Visto este cenário, pode-se concluir que as investigações geotécnicas, desde as mais simples até as mais complexas, exercem papel fundamental para o sucesso de um projeto de fundações, sua correta definição e dimensionamento e consequentemente, a obtenção de custos compatíveis com o porte da obra. MILITISKY (2015) enumera uma série de boas práticas recomendadas e desafios para melhoria.
BOAS PRÁTICAS RECOMENDADAS:
- O planejamento de um programa de investigação deve ser concebido por um engenheiro e/ou profissional geotécnico experiente que possa conjugar os custos à complexidade ou dificuldades do projeto.
- A conjugação de diferentes métodos e ensaios de campo e laboratório, usados de forma racional, conjugados com experiência prévia com o material constituem prática adequada e segura.
- Ensaios realizados por técnicos, usando equipamentos calibrados e procedimentos normalizados.
DESAFIOS PARA MELHORIA:
- Entendimentos de todos os envolvidos na área que a sondagem de simples reconhecimento se constitui num ensaio, deve ser executado por técnicos treinados, com equipamento padrão e calibrado.
- Formação de técnicos para realização de ensaio de SPT.
- Calibração dos equipamentos SPT.
- Planejamento de verdadeiro programa de investigação anterior ao inicio dos projetos.
- Disseminação da cultura de realização de ensaios especiais.
Eng. Dário Furtado
Engenheiro Civil UFJF
Analista de Sistemas CES/JF
M.Sc. Engenharia COPPE/UFRJ
Referências:
AECWEB/e-CONSTRUMARKET. Sondagem de solo ajuda a evitar problemas de fundação, Redação AECweb/e-Construmarket, São Paulo, 2009.
EQUIPE DA OBRA. Fundação mal projetada é “raiz” de problemas, Redação Equipe da Obra, São Paulo, 20011.
CARVALHO, D. M. Patologias das Fundações: Fundações em Depósitos de Vertente na Cidade de Machico. Universidade da Madeira, Ilha da Madeira, Portugal, 2010.

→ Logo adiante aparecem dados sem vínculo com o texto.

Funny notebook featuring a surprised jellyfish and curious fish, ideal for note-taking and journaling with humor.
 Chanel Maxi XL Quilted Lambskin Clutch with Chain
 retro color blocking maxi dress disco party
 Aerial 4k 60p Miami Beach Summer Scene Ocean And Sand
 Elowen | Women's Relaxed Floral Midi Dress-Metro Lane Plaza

MILITITSKY, J.; DIAS, R. D. Shallow foundations in lateritic soils. In: VIII CONGRESSO INTERNACIONAL DE GEOLOGIA DE ENGENHARIA, Buenos Aires, 1986.
MILITITSKY, J. Patologia das fundações. In: SIMPÓSIO DE PATOLOGIA DAS EDIFICAÇÕES: PREVENÇÃO E RECUPERAÇÃO, Porto Alegre: CPGEC/UFRGS, 1989.
MILITISKY, J. CONSOLI, C. N. SCHNAID, F. Patologia das Fundações. Edição 01 São Paulo-SP. Oficina de Textos. 2005.
MILITITSKY, J. 2º Congresso Internacional de Fundações Profundas da Bolívia. Santa Cruz, Bolívia, 2015.
NBR 8036:1983 – Programação de sondagens de simples reconhecimento dos solos para fundações de edifícios, ABNT – Associação Brasileira de Normas Técnicas.
PERLOFF, W.H. Pressure distribution and settlement. In: WINTERKORN, H.F.; FANG, H.Y. Foundation engineering handbook. New York: Van Nostrand Reinhold, 1975.